Exercise instructions: Locate the line that contains "Biodance Caviar PDRN" in the entries below, then repeat it and every following line through the line that contains "Amanda Christensen Rib", exactly, and no others.

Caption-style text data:
⁂
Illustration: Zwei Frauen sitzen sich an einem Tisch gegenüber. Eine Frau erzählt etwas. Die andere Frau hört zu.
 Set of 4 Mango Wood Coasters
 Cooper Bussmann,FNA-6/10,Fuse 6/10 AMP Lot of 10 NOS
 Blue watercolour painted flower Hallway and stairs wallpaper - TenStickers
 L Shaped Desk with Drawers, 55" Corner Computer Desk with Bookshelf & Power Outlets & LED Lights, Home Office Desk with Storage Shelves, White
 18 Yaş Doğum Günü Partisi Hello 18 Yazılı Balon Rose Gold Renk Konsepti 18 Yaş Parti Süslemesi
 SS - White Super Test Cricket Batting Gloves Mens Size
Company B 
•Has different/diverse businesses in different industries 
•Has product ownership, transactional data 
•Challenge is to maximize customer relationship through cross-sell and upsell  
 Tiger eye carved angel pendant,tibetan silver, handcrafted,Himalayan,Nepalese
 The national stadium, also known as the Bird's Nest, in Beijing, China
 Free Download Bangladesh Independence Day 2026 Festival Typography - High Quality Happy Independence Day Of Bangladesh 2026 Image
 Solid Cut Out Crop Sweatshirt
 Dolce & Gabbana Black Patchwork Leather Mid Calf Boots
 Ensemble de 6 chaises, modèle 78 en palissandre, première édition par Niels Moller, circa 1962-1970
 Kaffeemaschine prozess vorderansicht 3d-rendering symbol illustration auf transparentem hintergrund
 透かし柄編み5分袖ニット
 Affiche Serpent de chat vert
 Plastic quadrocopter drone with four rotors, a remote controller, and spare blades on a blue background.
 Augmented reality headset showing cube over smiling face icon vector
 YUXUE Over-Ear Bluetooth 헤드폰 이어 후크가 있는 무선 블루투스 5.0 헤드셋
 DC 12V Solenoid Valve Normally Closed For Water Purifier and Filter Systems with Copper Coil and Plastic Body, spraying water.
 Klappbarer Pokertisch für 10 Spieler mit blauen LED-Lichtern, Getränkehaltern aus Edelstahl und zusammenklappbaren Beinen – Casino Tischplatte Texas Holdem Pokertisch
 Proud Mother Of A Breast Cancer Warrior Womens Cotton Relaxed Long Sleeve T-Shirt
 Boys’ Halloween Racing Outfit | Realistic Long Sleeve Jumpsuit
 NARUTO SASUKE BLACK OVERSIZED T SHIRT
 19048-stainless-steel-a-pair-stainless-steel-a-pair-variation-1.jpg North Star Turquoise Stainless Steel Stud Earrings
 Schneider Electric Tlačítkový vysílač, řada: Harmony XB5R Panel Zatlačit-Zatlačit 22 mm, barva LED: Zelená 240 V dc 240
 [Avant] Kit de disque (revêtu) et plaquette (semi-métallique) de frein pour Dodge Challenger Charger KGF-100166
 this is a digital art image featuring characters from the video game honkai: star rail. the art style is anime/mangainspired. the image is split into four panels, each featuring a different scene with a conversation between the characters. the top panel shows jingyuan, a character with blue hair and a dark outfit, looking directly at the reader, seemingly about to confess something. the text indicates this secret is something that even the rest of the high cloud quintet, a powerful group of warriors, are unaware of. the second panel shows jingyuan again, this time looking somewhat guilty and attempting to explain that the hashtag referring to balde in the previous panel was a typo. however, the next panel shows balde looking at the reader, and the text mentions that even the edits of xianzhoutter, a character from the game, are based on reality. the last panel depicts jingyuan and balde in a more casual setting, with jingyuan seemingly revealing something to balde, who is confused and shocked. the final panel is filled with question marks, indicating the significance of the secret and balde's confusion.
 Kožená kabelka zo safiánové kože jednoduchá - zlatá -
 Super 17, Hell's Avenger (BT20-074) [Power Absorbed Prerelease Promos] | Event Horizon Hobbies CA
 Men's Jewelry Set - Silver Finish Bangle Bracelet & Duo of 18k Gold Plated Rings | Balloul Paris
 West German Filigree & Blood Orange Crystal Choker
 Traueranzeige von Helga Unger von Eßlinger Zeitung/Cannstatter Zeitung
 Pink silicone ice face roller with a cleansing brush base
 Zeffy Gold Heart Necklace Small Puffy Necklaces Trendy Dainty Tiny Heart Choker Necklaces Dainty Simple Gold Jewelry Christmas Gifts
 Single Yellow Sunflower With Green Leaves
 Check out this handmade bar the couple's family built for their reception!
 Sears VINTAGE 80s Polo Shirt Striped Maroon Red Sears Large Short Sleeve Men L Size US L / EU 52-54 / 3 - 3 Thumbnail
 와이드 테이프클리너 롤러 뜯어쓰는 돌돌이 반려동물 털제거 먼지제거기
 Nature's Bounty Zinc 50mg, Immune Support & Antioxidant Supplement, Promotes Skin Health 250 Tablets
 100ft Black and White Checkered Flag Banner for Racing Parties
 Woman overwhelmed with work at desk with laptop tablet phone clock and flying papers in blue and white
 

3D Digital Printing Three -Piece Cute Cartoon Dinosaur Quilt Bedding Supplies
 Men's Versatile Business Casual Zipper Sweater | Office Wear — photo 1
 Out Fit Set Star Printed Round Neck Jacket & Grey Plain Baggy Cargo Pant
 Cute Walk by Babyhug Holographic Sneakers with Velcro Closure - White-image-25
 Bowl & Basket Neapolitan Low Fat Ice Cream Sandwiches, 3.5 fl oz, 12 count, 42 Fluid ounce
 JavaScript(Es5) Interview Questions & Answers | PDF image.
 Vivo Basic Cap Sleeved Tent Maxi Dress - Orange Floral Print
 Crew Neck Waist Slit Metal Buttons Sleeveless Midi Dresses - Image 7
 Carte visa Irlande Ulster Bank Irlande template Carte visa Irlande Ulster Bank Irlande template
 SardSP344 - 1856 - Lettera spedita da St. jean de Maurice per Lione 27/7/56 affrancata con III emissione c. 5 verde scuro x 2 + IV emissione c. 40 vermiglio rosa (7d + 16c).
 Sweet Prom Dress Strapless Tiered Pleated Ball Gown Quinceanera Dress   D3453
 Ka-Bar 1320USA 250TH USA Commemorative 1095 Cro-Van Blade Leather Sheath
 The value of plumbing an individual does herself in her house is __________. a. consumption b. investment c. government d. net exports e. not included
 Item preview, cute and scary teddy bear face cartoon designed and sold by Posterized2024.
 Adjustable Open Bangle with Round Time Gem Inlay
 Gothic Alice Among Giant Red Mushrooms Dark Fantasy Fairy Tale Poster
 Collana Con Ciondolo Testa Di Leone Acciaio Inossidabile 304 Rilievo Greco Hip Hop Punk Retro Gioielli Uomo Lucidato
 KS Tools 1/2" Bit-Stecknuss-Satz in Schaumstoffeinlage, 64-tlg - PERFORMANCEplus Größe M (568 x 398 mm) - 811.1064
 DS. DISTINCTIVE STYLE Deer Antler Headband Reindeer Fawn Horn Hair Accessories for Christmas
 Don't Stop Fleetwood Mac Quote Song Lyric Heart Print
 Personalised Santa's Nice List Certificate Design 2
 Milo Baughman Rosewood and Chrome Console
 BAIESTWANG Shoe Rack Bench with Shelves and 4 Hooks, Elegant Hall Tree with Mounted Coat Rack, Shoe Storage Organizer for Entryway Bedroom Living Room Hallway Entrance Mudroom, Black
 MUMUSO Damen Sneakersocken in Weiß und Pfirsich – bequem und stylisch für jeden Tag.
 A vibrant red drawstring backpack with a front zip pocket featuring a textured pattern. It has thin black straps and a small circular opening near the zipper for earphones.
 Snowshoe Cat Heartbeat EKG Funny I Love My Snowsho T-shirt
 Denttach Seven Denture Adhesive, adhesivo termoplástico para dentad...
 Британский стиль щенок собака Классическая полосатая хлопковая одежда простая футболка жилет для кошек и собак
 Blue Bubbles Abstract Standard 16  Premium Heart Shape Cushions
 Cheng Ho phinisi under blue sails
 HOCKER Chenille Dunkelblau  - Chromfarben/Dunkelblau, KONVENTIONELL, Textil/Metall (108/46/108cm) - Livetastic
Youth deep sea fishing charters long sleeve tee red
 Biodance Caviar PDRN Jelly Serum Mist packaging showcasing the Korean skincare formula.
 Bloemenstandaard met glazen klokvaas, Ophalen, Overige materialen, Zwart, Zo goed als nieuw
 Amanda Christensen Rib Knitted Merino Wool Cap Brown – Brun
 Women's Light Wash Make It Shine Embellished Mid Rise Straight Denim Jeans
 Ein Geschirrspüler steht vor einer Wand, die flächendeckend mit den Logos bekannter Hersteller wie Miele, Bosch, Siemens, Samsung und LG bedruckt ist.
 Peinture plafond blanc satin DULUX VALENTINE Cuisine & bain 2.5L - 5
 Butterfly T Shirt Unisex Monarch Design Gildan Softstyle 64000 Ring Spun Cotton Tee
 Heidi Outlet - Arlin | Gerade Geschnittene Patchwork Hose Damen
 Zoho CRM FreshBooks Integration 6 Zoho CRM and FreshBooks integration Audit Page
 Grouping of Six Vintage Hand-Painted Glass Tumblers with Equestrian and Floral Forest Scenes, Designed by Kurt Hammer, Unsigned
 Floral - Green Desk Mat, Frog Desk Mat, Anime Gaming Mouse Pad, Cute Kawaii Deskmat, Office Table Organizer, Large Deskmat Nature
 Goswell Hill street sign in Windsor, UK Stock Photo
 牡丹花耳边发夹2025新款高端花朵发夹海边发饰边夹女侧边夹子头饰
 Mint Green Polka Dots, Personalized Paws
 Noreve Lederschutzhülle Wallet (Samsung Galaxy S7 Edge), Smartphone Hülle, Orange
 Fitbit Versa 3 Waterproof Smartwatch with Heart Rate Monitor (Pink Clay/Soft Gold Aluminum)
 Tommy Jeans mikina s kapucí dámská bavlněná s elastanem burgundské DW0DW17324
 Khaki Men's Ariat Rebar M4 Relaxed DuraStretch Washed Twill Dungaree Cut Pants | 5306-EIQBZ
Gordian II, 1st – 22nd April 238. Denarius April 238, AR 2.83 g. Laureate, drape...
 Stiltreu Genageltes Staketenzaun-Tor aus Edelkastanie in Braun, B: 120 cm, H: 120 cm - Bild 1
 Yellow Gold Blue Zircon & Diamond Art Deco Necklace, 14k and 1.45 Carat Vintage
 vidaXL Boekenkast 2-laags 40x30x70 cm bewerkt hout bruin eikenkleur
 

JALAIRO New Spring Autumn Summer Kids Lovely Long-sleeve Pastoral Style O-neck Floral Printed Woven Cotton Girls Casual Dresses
⁂
Result of the task:
 Biodance Caviar PDRN Jelly Serum Mist packaging showcasing the Korean skincare formula.
 Bloemenstandaard met glazen klokvaas, Ophalen, Overige materialen, Zwart, Zo goed als nieuw
 Amanda Christensen Rib Knitted Merino Wool Cap Brown – Brun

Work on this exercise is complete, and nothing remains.